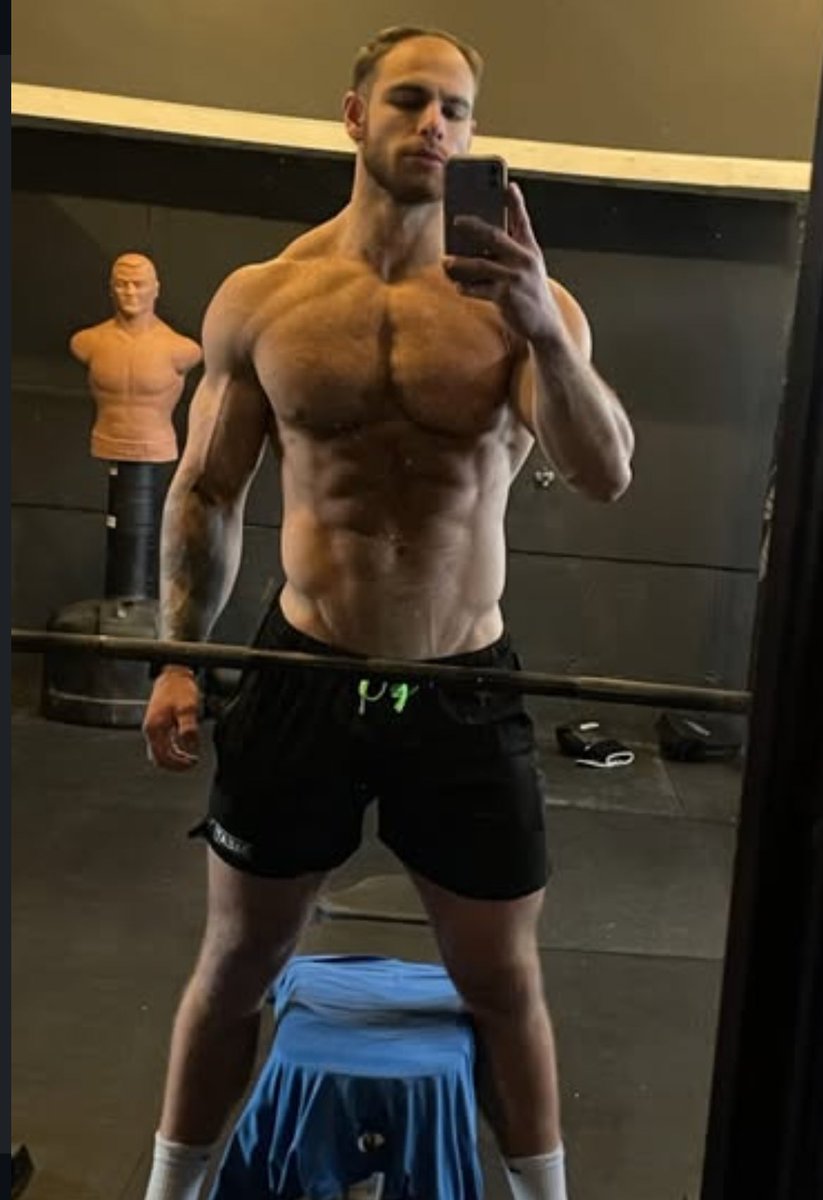 kingMattLus12's tweet photo. Remember that you have homework to do, so I want you under my feet https://t.co/ARoh4ZQsdX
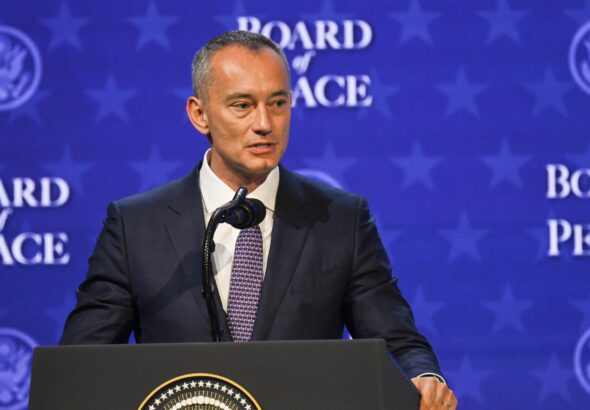 Николай Младенов е поискал от Нетаняху да прекрати ударите в Газа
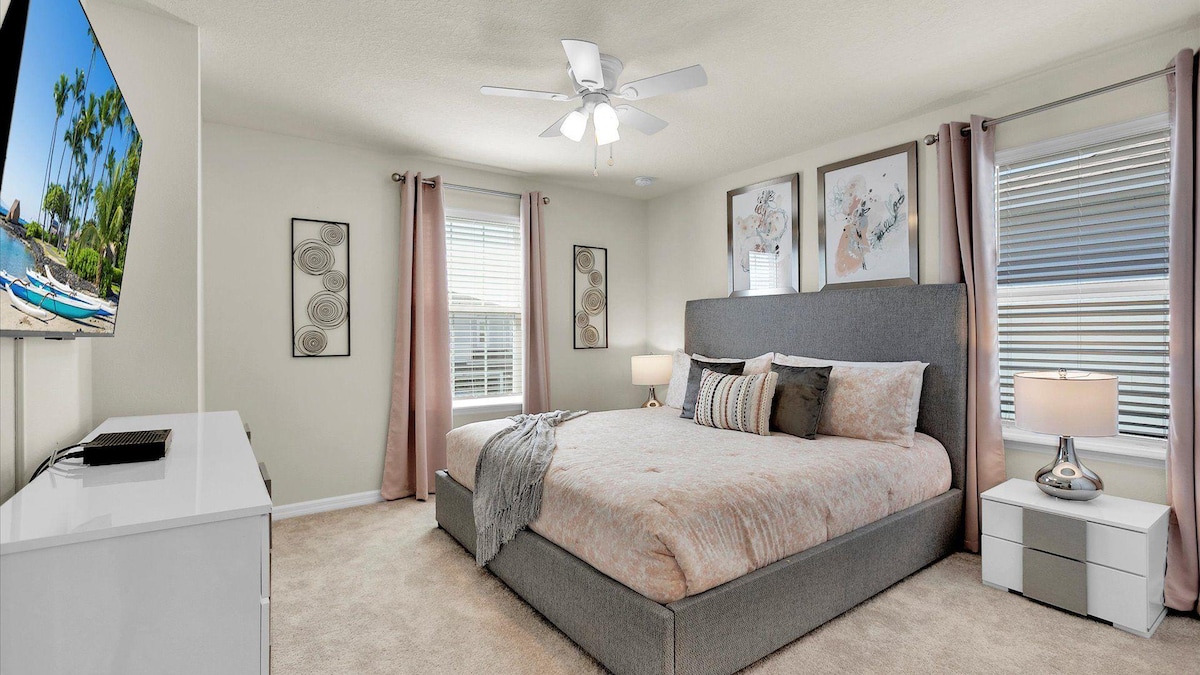 Spavajte poput kraljevske obitelji u našoj luksuznoj spavaćoj sobi s king size krevetom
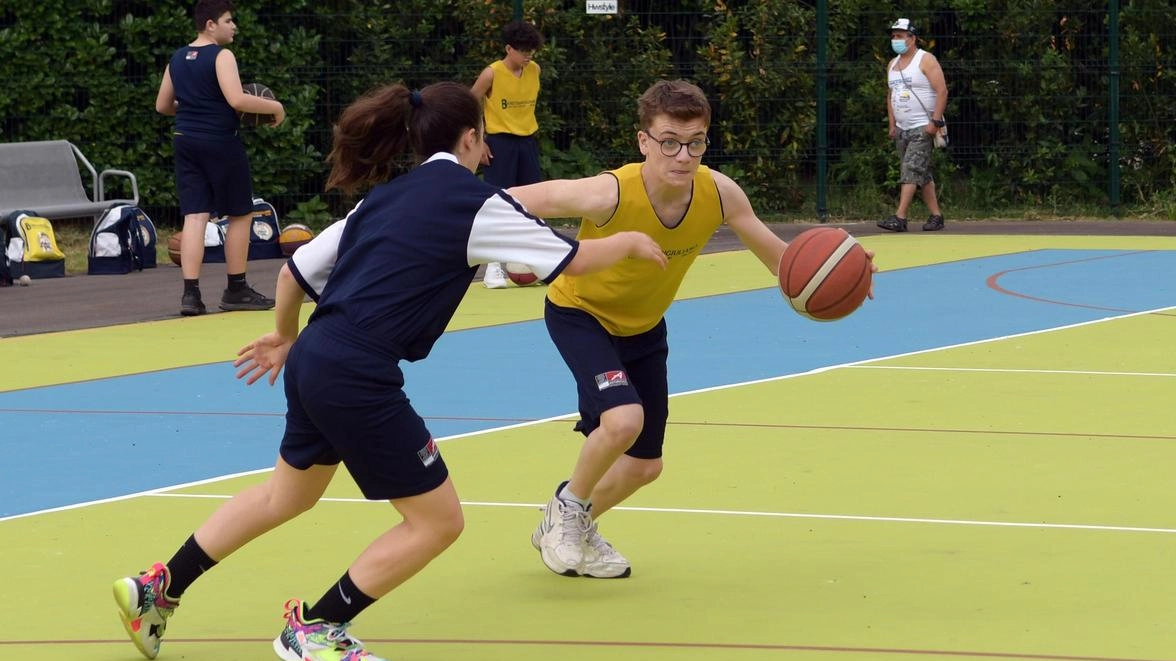 Questo fine settimana a Scandicci si terrà la "Festa metropolitana dello sport" al parco del Castello dell’Acciaiolo. Un'occasione per provare vari sport, promuovere il benessere dei ragazzi e valorizzare le associazioni sportive locali. Un evento dedicato al divertimento e alla partecipazione della comunità. Questo fine settimana a Scandicci si terrà la "Festa metropolitana dello sport" al parco del Castello dell’Acciaiolo. Un'occasione per provare vari sport, promuovere il benessere dei ragazzi e valorizzare le associazioni sportive locali. Un evento dedicato al divertimento e alla partecipazione della comunità.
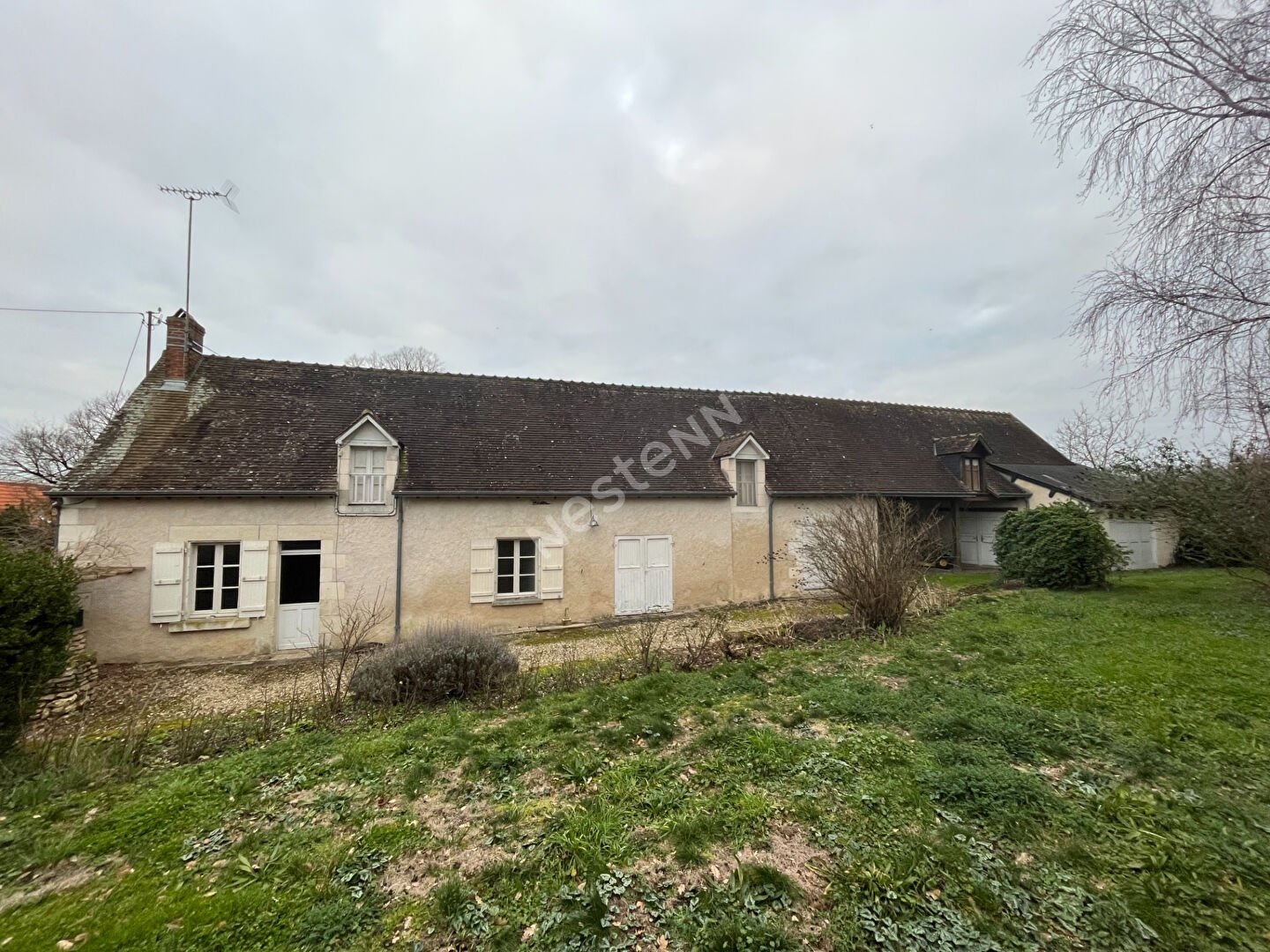 Maison à vendre - 7 pièces - 133m2 - Saint-Cyran-Du-Ja... (36700)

◆ ◆ ◆ ◆

== PROBLEM DESCRIPTION ==
Beginning with the line that holds "della comunità. Questo" and ending with the last line of the material above, extract every line exactly, pictures excluded.

== REPLY TO THE EXERCISE ==
 Questo fine settimana a Scandicci si terrà la "Festa metropolitana dello sport" al parco del Castello dell’Acciaiolo. Un'occasione per provare vari sport, promuovere il benessere dei ragazzi e valorizzare le associazioni sportive locali. Un evento dedicato al divertimento e alla partecipazione della comunità. Questo fine settimana a Scandicci si terrà la "Festa metropolitana dello sport" al parco del Castello dell’Acciaiolo. Un'occasione per provare vari sport, promuovere il benessere dei ragazzi e valorizzare le associazioni sportive locali. Un evento dedicato al divertimento e alla partecipazione della comunità.
 Maison à vendre - 7 pièces - 133m2 - Saint-Cyran-Du-Ja... (36700)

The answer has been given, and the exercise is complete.